About this exercise: Please restate word for word the lines from the top of the entries through the line that contains "Karty edukacyjne z", and do not include any pictures.

Collected data entries:
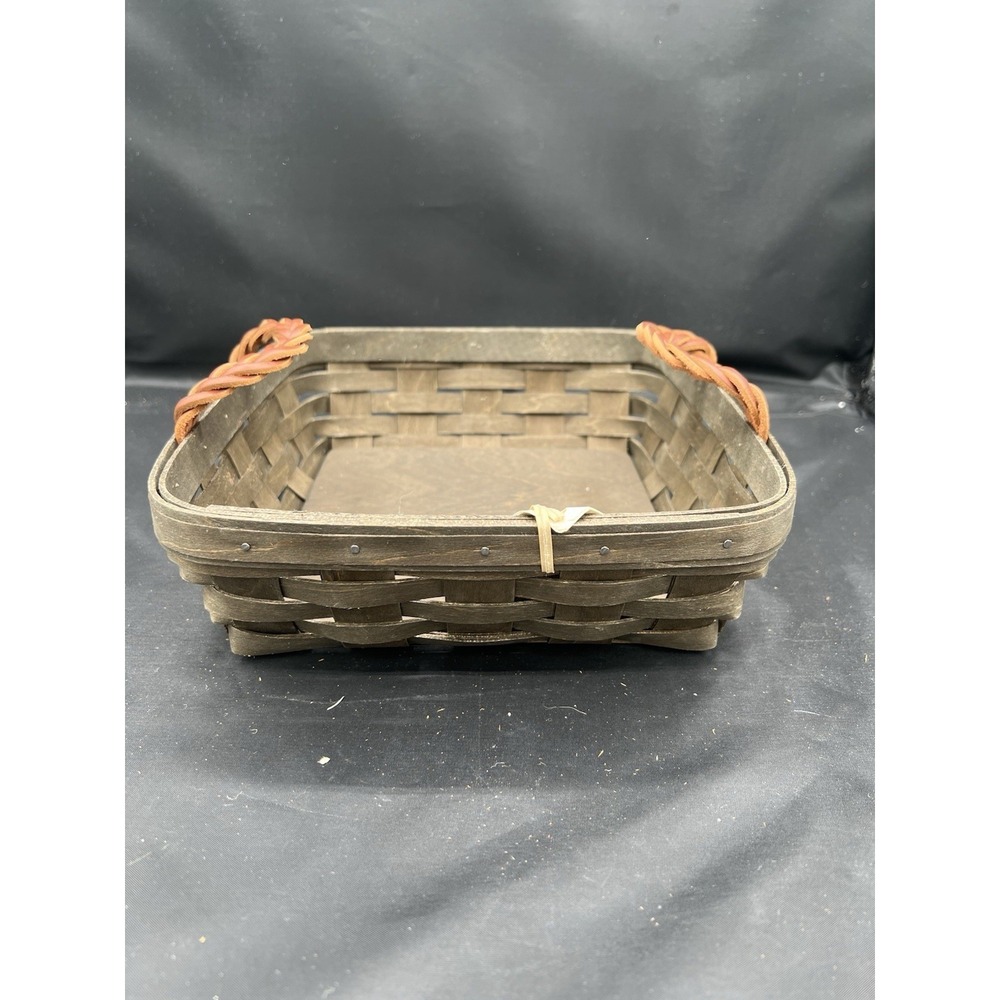 🤎Longaberger 2009 Small Square Serving Basket–DB w/Braided Leather Handles-EUC
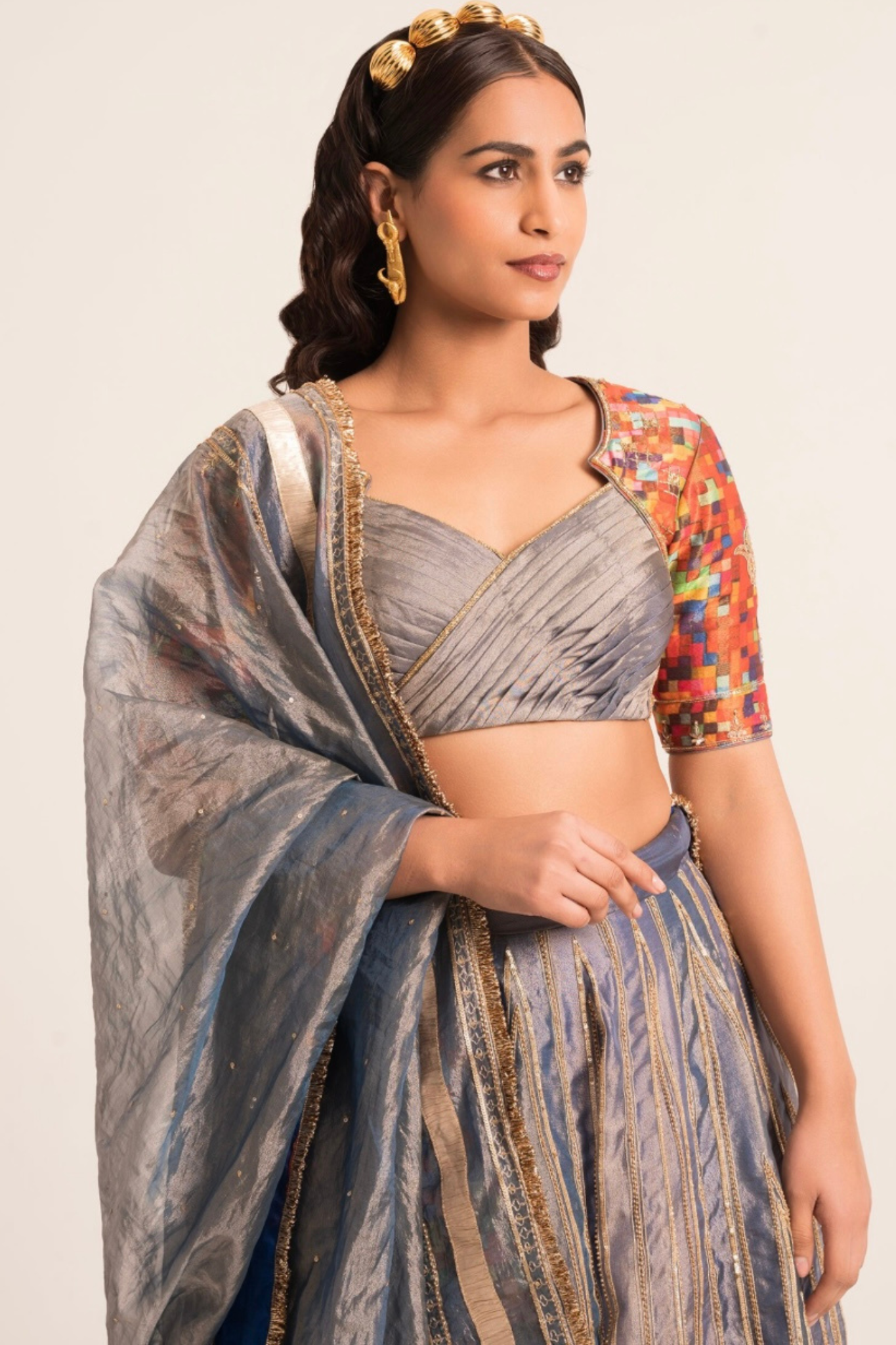 Pixel Blue Tissue Lehenga Set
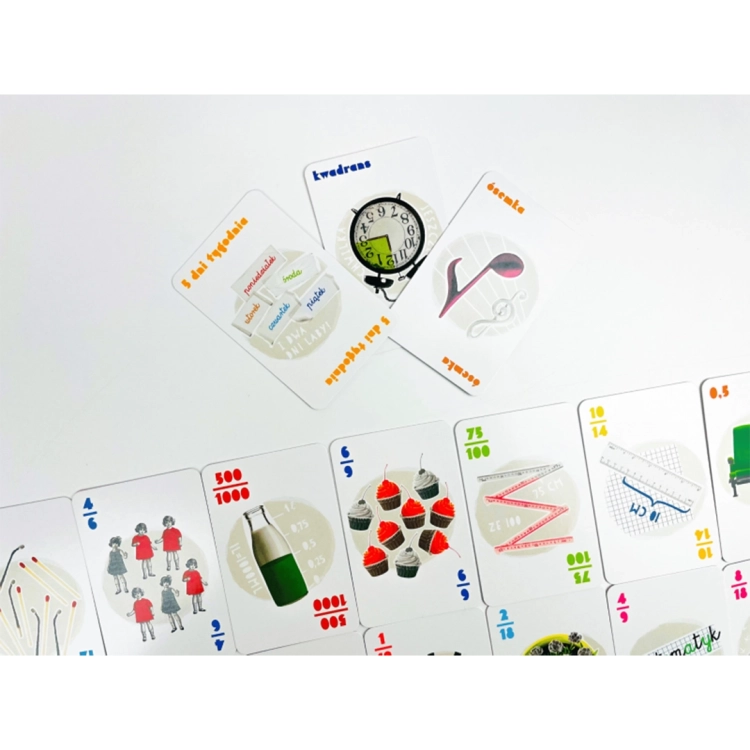 Karty edukacyjne z ułamkami i ilustracjami z gry EDUseria Ułamki.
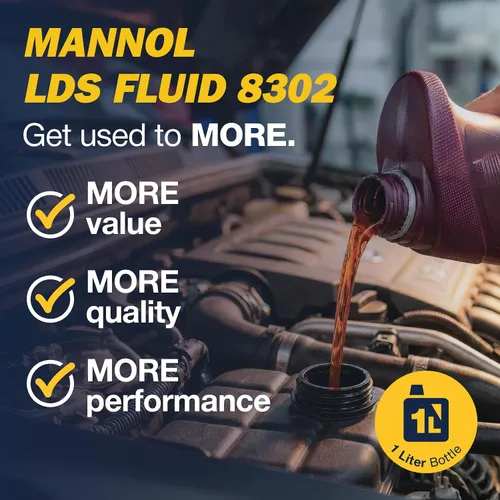 Miniatura 4 de Mannol Líquido hidráulico sintético completo LDS para sistemas hidráulicos 3, botella de aceite hidráulico de 1 litro, líquido rojo sintético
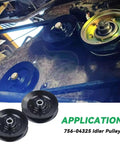 2 Pack Idler Pulley Replacement For Craftsman LT2000 T110 R110 Lawn Mower 756-04325 Replaces MTD Troy-Bilt Cub Cadet Rotary 14326 Durable Heavy Duty Wheel Easy Install Perfect Fit For Deck Drive Belt Tension; black steel pulley installed on mower deck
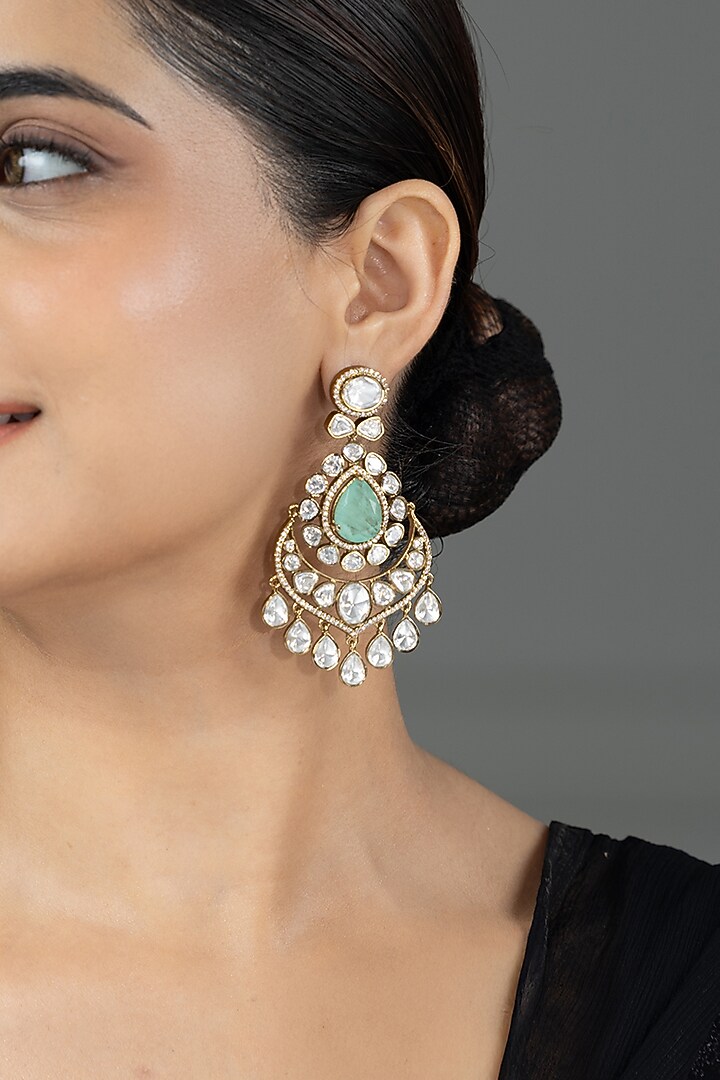 Gold Finish Kundan Polki & Green Stone Chandbali Earrings by Joules By Radhika at Pernia's Pop Up Shop
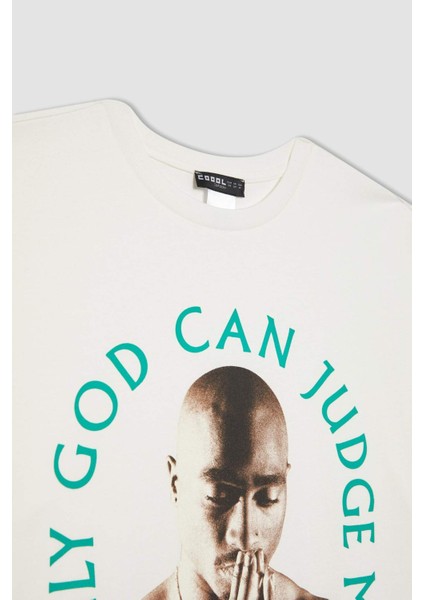 Coool Tupac Shakur Oversize Geniş Kalıp Bisiklet Yaka Kısa Kollu Tişört C3802AX24SM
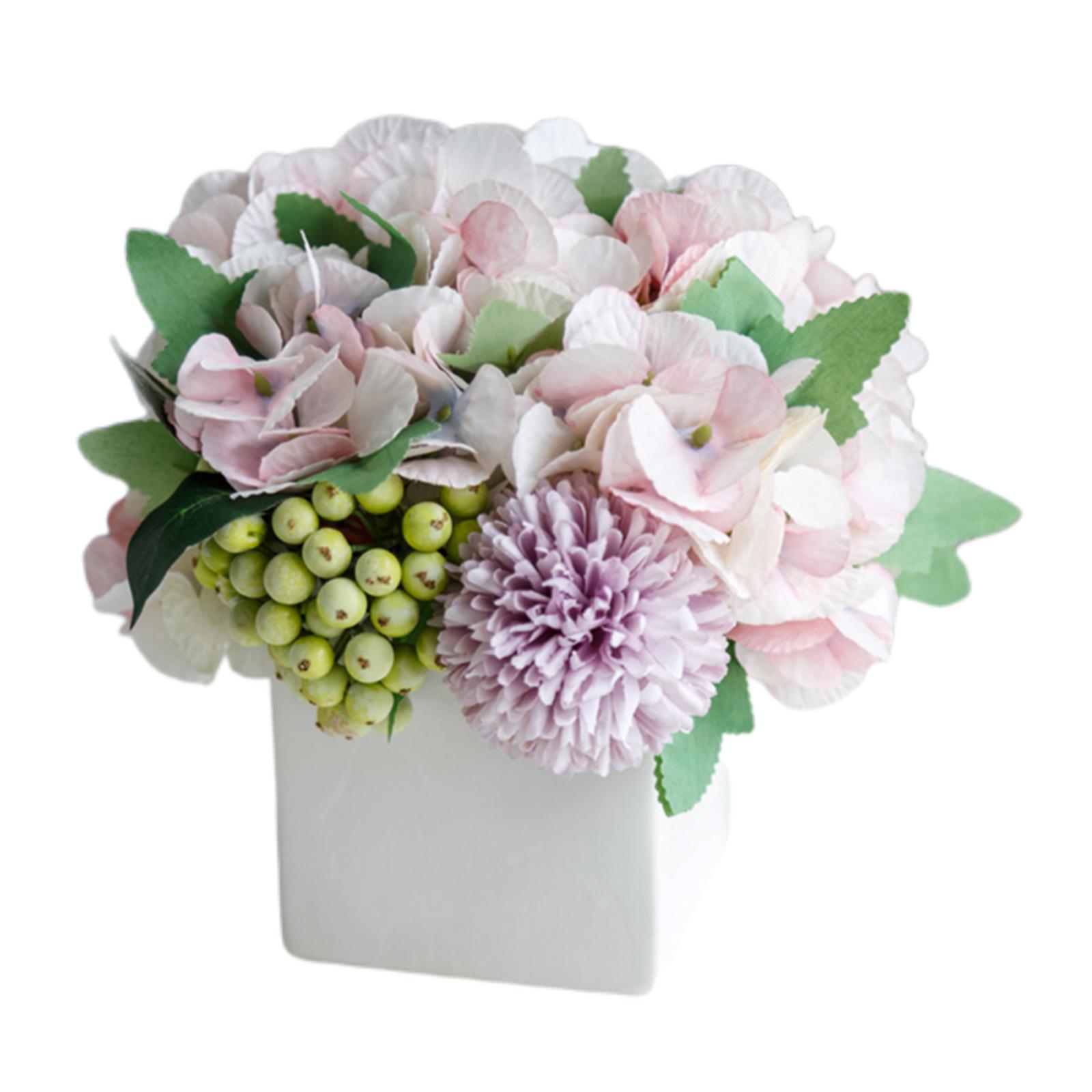 Artificial Silk Flowers Hydrangea With Ceramic Vase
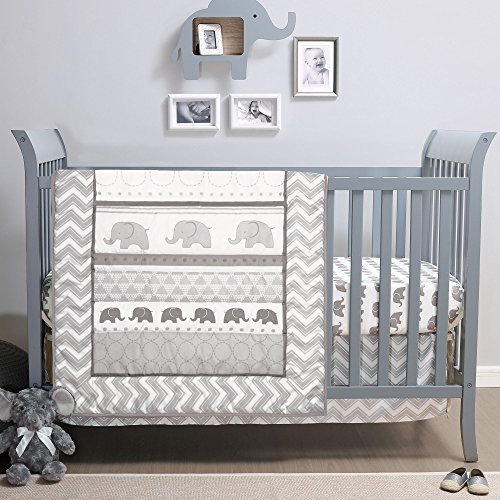 Product Cover Elephant Walk 4-Piece Jungle Geometric Chevron Grey Neutral Baby Crib Bedding Set by Belle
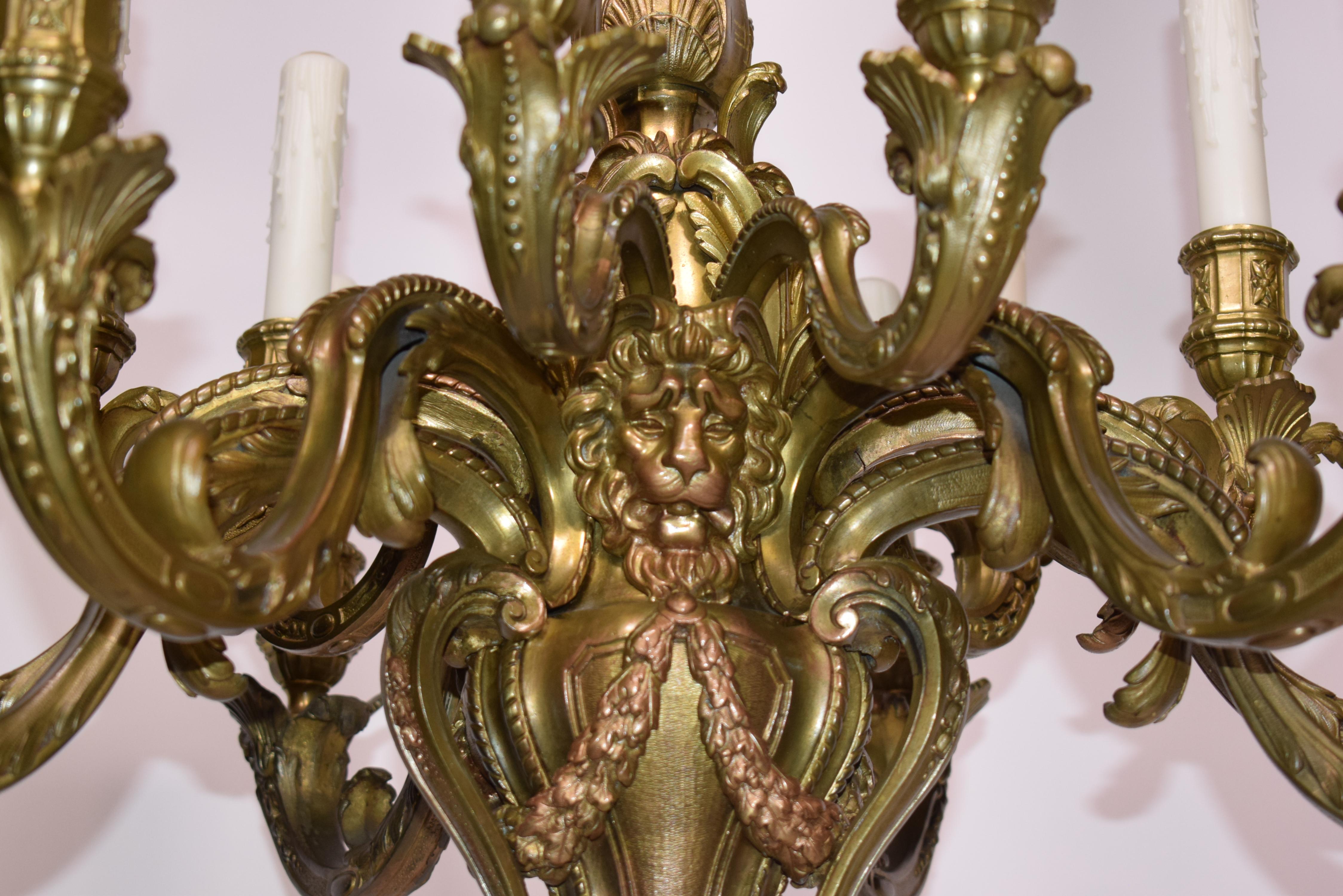 Gilt Bronze Chandelier In Good Condition For Sale In Atlanta, GA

Task output:
 🤎Longaberger 2009 Small Square Serving Basket–DB w/Braided Leather Handles-EUC
 Pixel Blue Tissue Lehenga Set
 Karty edukacyjne z ułamkami i ilustracjami z gry EDUseria Ułamki.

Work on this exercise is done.